Data Block Start

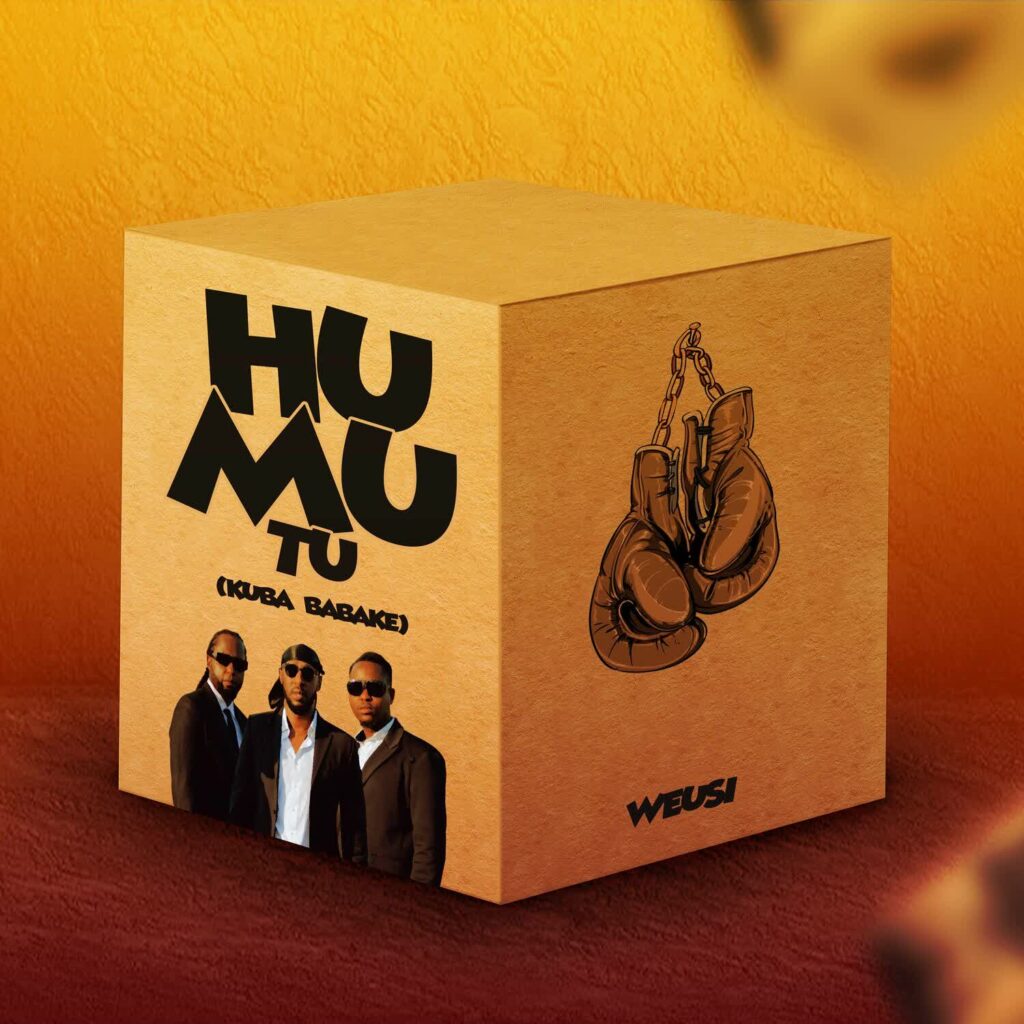 Weusi - Humu Tu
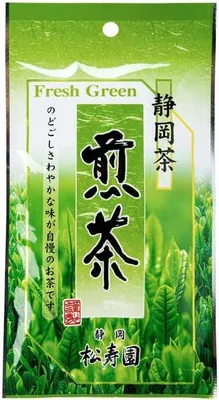 Immagine prodotto di Maruka | Shizuoka Sencha - 50 g - Fukamushi Sencha - Foglie di tè verde - Tè giapponese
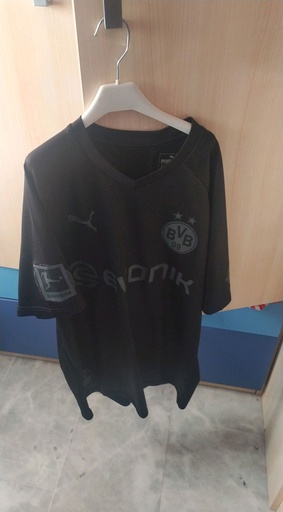 7 - Borussia dormunt - Sancho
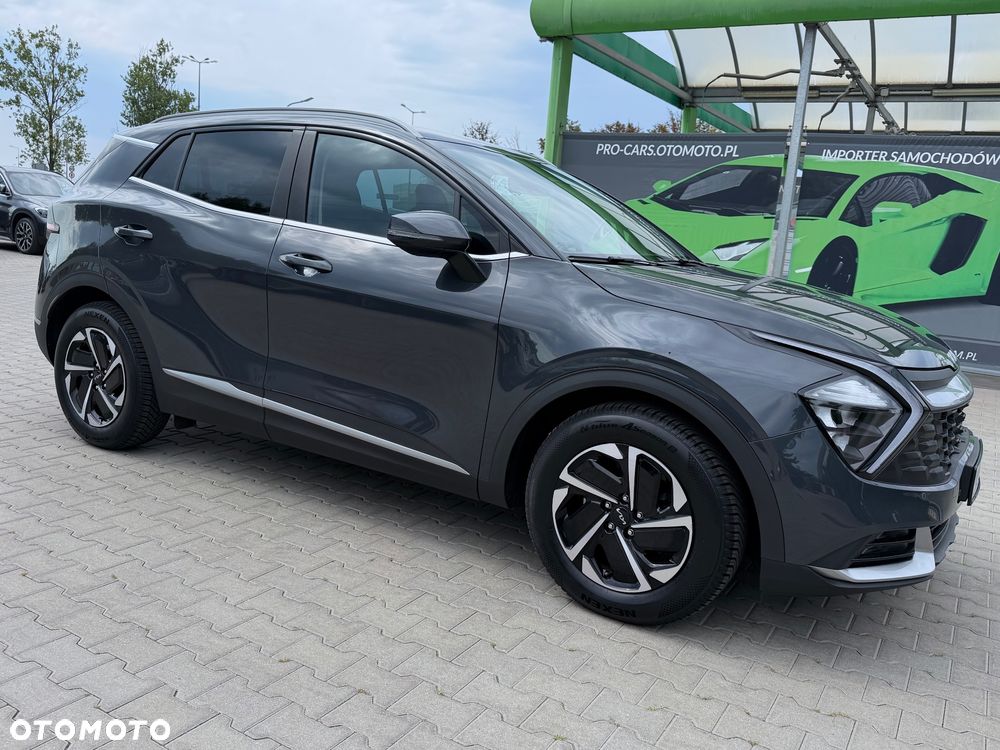 Kia Sportage 1.6 T-GDI L 2WD - 36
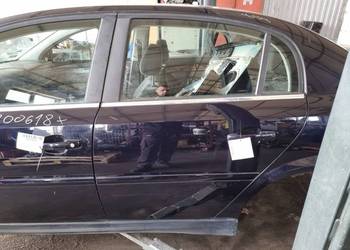 Używany, DRZWI LEWE TYŁ OPEL VECTRA C Z21A na sprzedaż  Lipno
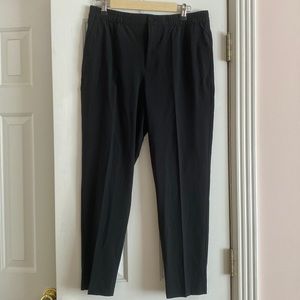 Black Airstretch Taper Pants from Banana Republic! Never worn.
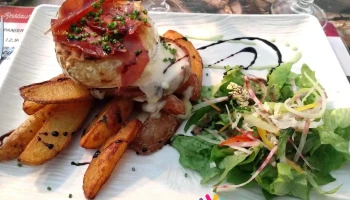 Restaurant le valmont - 40100 Dax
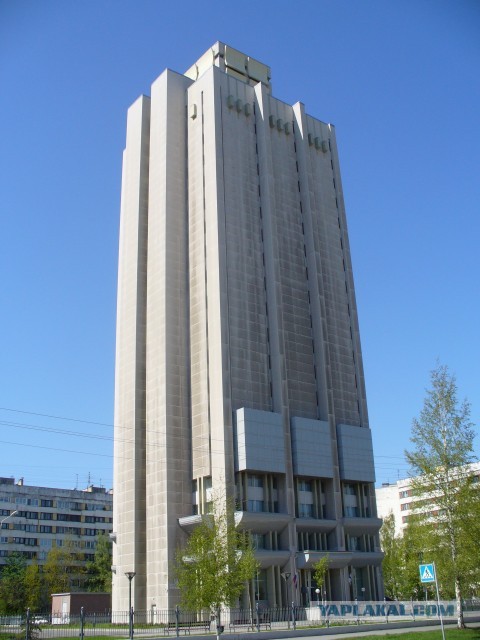 Архитектура коммунизма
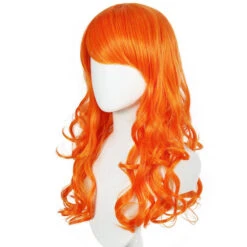 Anime One Piece Film Red 2022 Movie Nami Cosplay Wigs -Cosplay 4 a335b87e 850a 4abb bfd5 a1a07233c27f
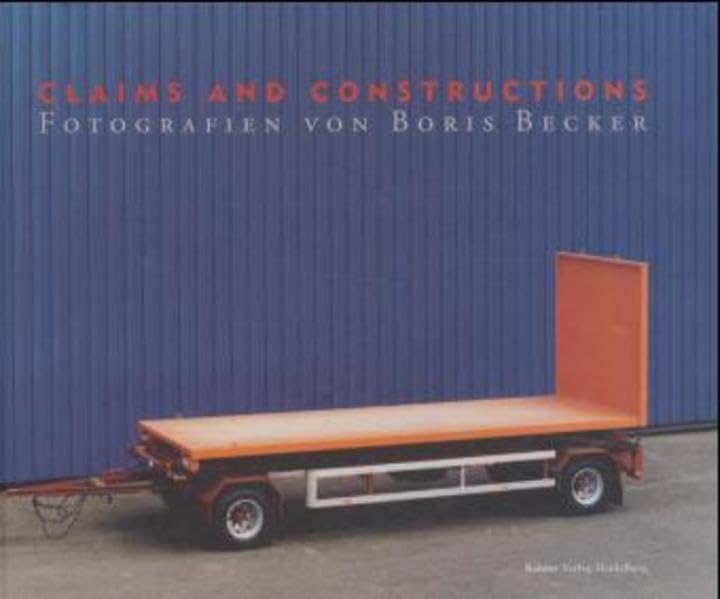 Claims and Constructions /Landschaften und Konstruktionen: Katalogbuch zur Ausstellung in der Pfalzgalerie Kaiserslautern v. 28. Mai bis 13. August ... Wolfsburg v. 10. März bis 17. Juni 2001 Film, Art & Culture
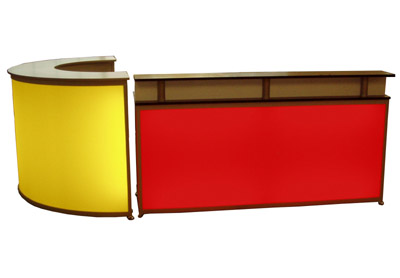 Leuchttheke Heidelberg + Freudenstadt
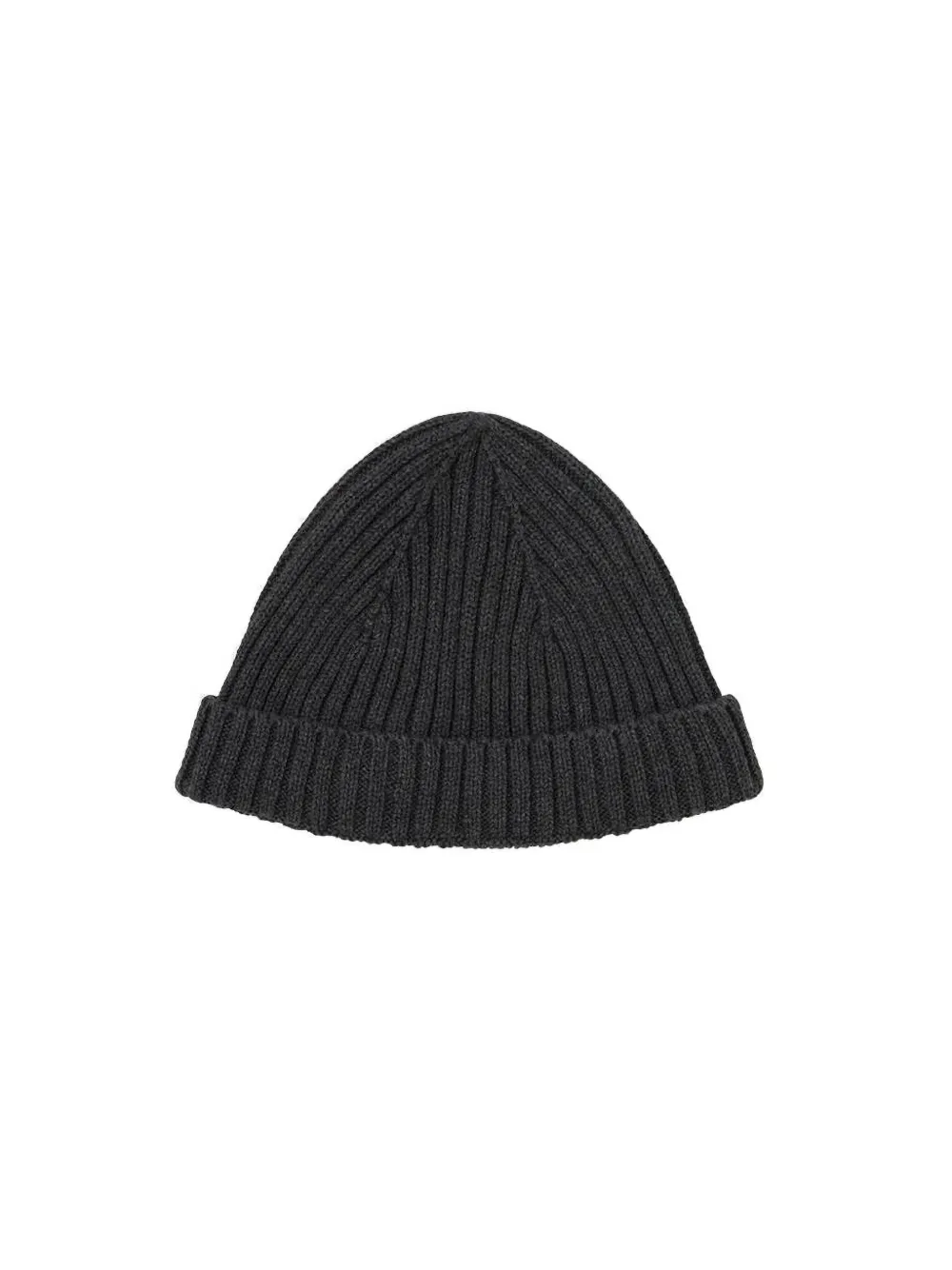 Carrera Oria Ribbed Beanie Hat In Black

Data Block End

### [What to work on]
Look above for the line with "7 - Borussia dormunt - Sancho"; quote it and every line after it, stopping after the line with "Архитектура коммунизма", exactly, with nothing added and without pictures.

### [Result for this exercise]
 7 - Borussia dormunt - Sancho
 Kia Sportage 1.6 T-GDI L 2WD - 36
 Używany, DRZWI LEWE TYŁ OPEL VECTRA C Z21A na sprzedaż  Lipno
 Black Airstretch Taper Pants from Banana Republic! Never worn.
 Restaurant le valmont - 40100 Dax
 Архитектура коммунизма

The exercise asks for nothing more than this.